Economics: Data published in May tended to show continuing growth but at a slower pace
While GDP for the first quarter (3.7%) came in 2bp lower than the preliminary figure published almost a month earlier, consumption and gross fixed capital formation figures for the first months of the year came in higher than expected, prompting us to upwardly revise our growth projection for 2023 to 1.8%. The economy has recently been powered primarily by consumption and investments in fixed assets.
Although most continue to anticipate a recession in the United States that would exert downward pressure on the country’s trade performance and its manufacturing sector, such a contraction in the US is not likely to begin to take shape until late 2023 and early 2024. Nevertheless, growth in industrial activity had already slowed in March to its weakest level in 16 months as the dominant manufacturing subsector showed only minimal gains.

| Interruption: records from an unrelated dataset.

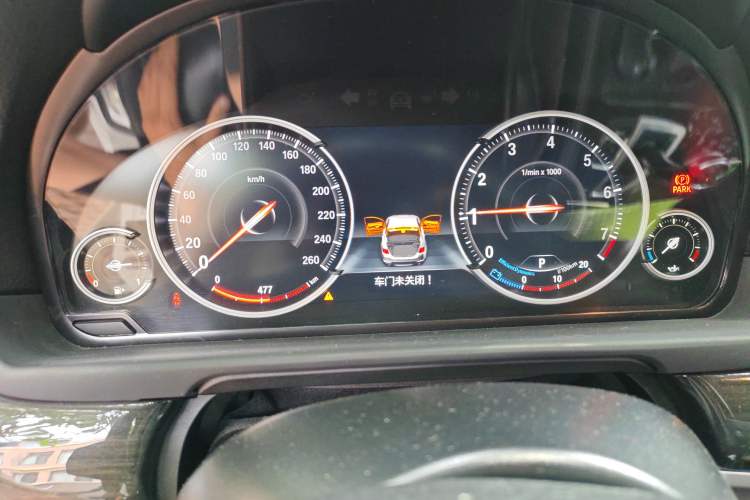 Used BMW 5 Series 2014 525Li Fashion Design Package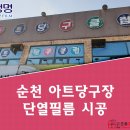 태양당구장 이미지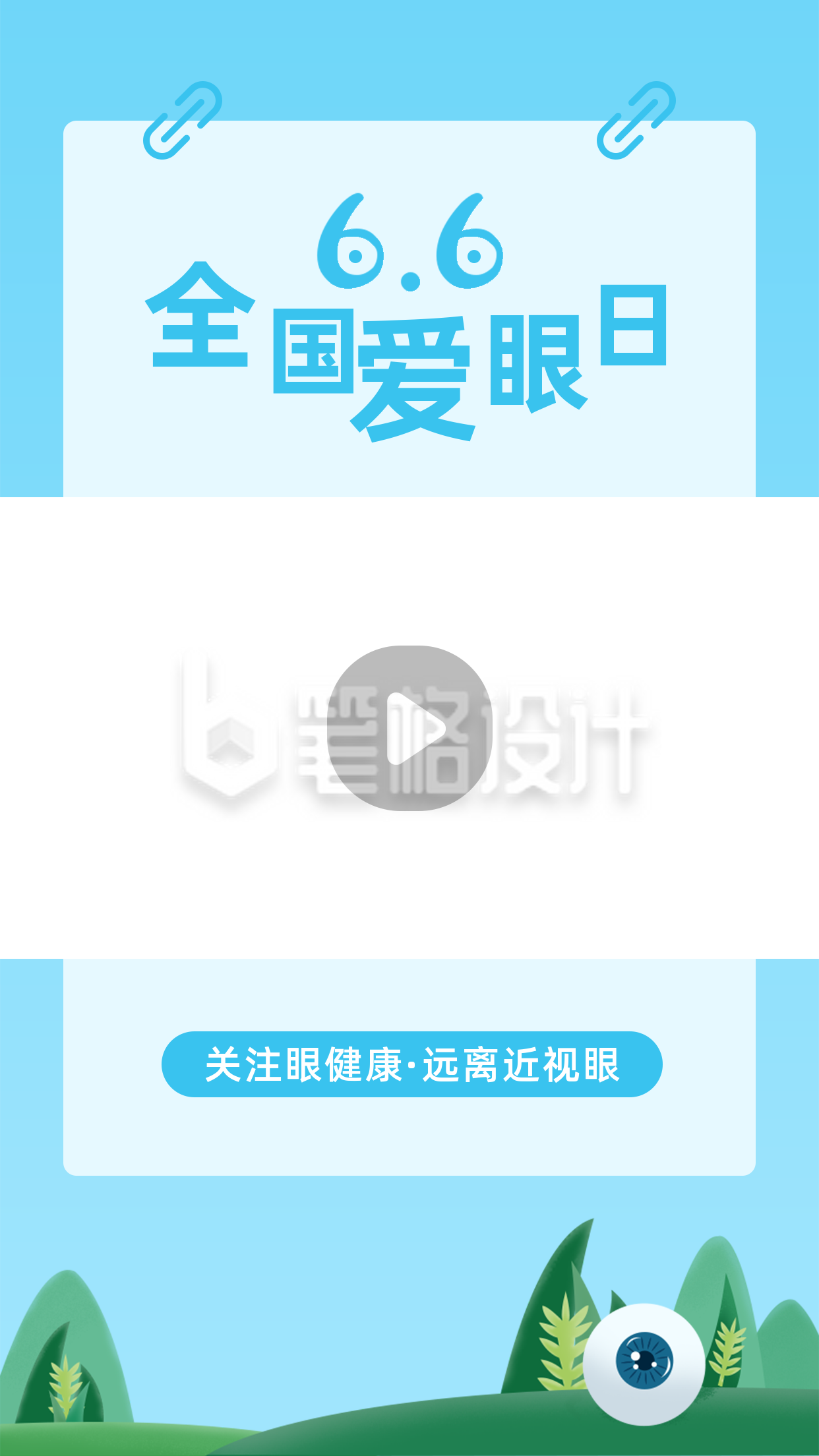 爱眼日爱眼护眼视力健康手绘视频边框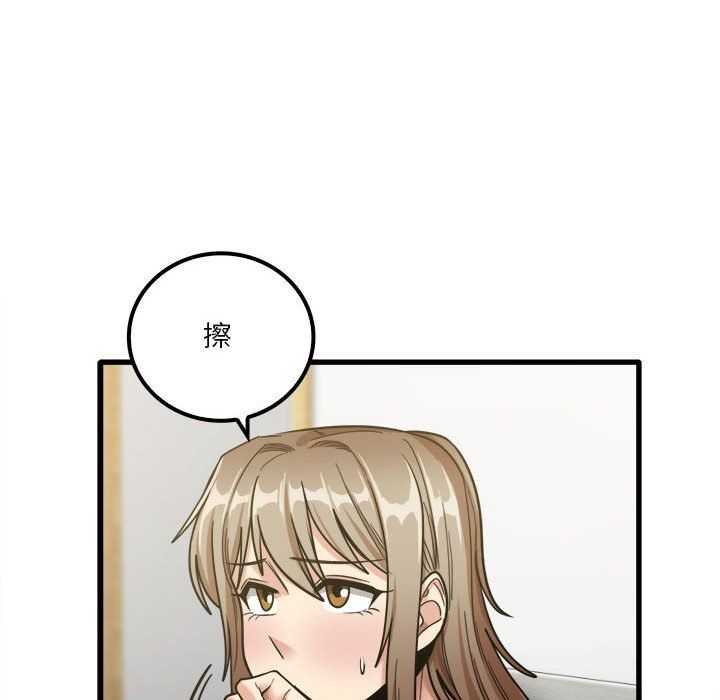 《实习老师住我家》漫画 第17話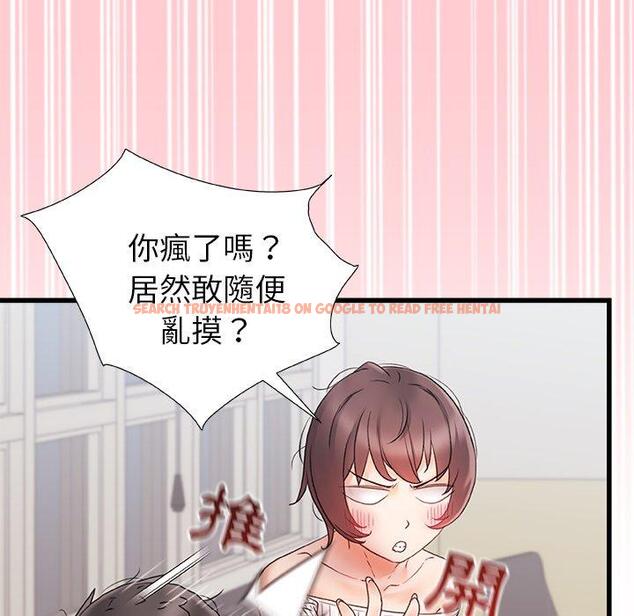 查看漫画真正的麻吉 - 第12話 - tymanga.com中的1133919图片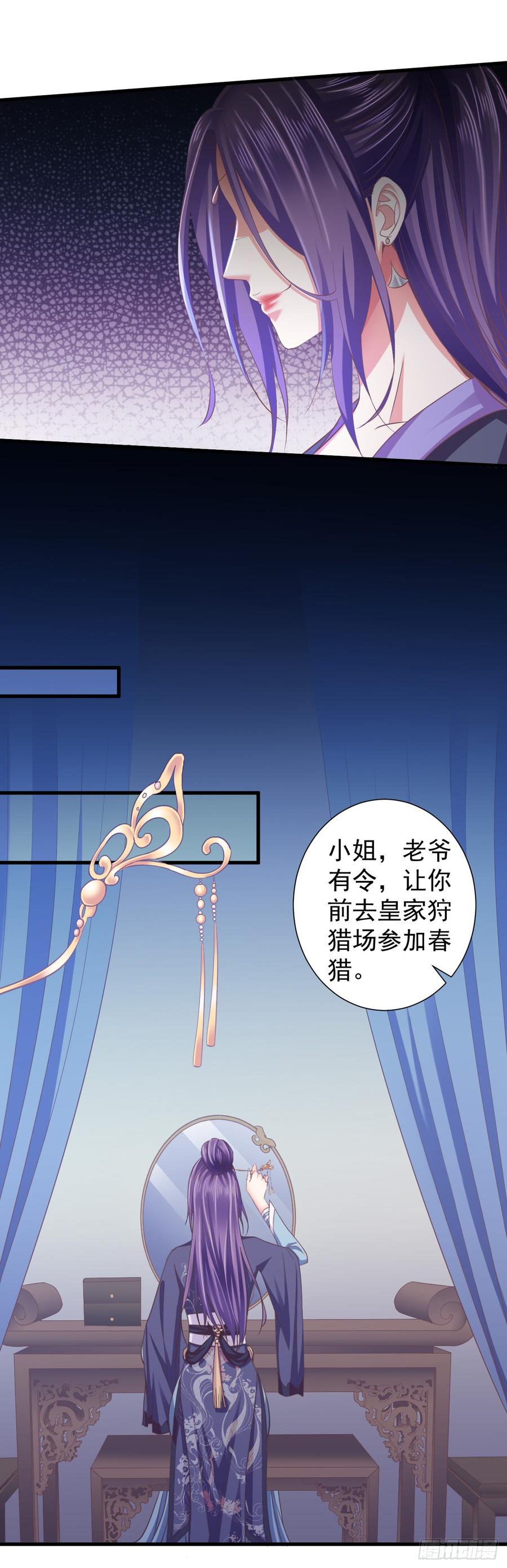 暴君试爱：妖后如此多娇 对你越来越感兴趣了 第10页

Annual inflation fell from 6.25% in April to 6.00% through the first half of May, with Banxico deciding at mid-month not to match the Fed’s latest rate hike and leave its own reference rate unchanged. At first glance, this would appear to be an acceptable pause even if inflation were to fail to subside in the coming months at its current pace. However, monetary officials are taking a risk by betting that inflation will ease consistently between now and September as failure to perform in that manner could eventually force them to resume rate increases regardless of what the Fed decides to do at that time.